Le vieux rêve social-démocrate d'une répartition plus équitable des biens et revenus avec notre seul outil collectif, l'État, s'effrite sous les coups de boutoir d'une minorité toute puissante qui s'efforce de réduire le rôle de l'État au moyen de coupes sauvages, de privatisations (c.-à-d. remettre les biens et services de la collectivité à quelques propriétaires privés déjà trop riches, qui s'en serviront pour s'enrichir davantage…) et de déréglementations (en permettant à ces propriétaires privés de se soustraire aux règles publiques pour faire tout ce qui leur plaît, pour leur profit et non le nôtre).

Pendant ce temps, une mère de Rosemont et ses enfants rêvent de s'en sortir.

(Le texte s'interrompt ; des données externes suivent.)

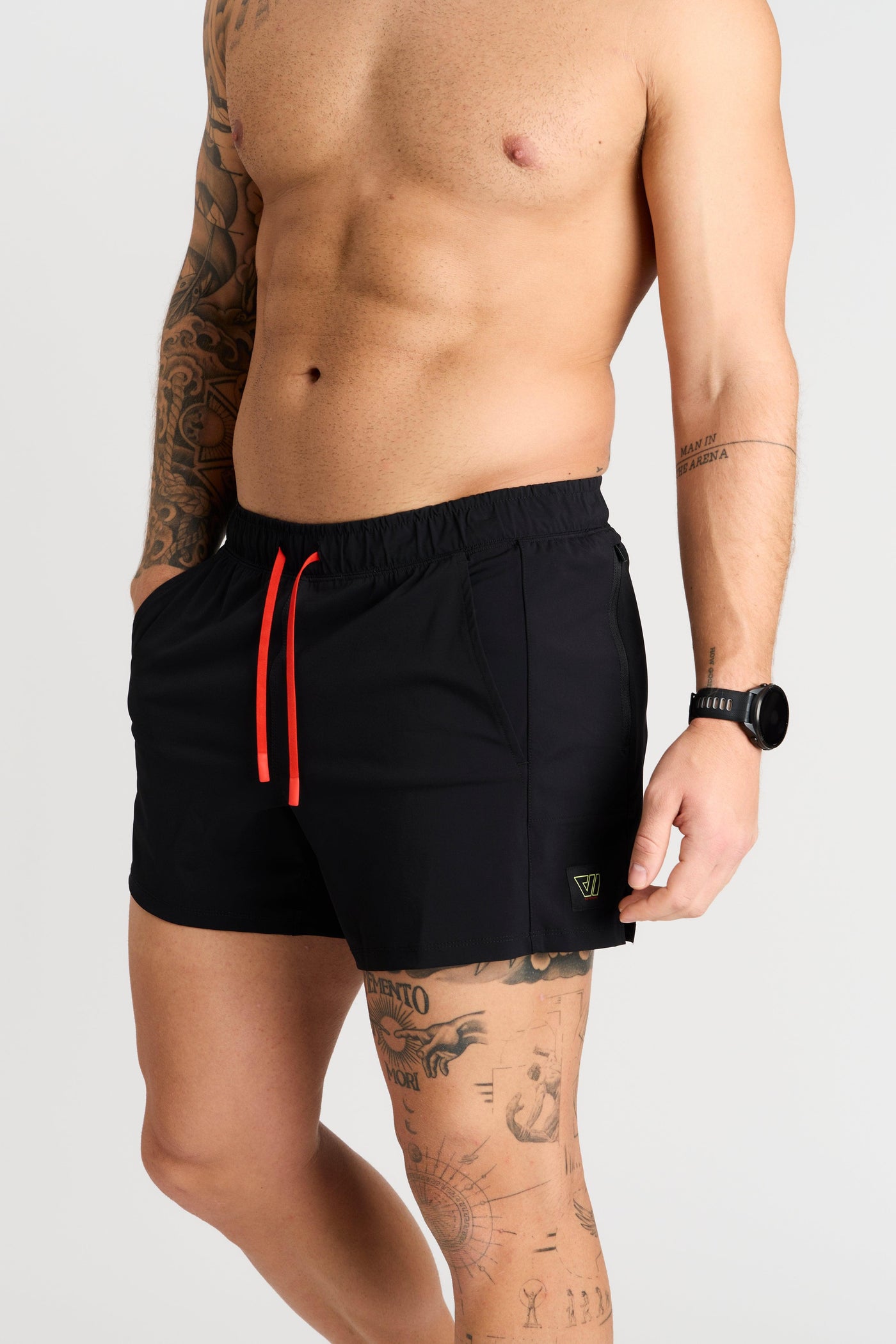 Trevor (6’) is wearing size medium 5" inseam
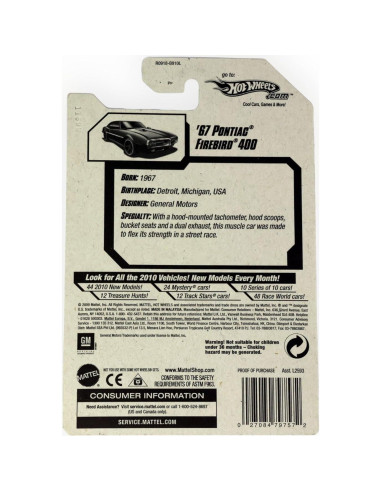 Hot Wheels 2010 Pontiac Firebird 400 Escala 1:64 Azul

Lise Payette écrivait vendredi dans les pages du Devoir: «Quand nous serons tous assez indignés, nous serons invincibles.» Après Noël viendra le Jour de l'An, le moment de prendre de bonnes résolutions. Le moment de se dire, comme jadis Jean Lesage et son équipe, «il faut que ça change». Et peut-être, enfin, finir par se donner les moyens collectifs d'y arriver…

Entre-temps, je m'apprête à fêter avec les miens, dans l'amour, la paix et la fraternité, Celui dont on commémore la naissance tous les 25 décembre. Celui qui a vu le jour dans la pauvreté et qui a semoncé les riches et puissants de son époque. J'ai la conviction que s'Il revenait aujourd'hui, et voyait cette mère de Rosemont et ses semblables, et les fortunes scandaleuses construites sur l'appauvrissement des autres humains, nous aurions de nouveau droit à une Sainte colère.

À tous, à toutes, malgré tout, un très joyeux Noël!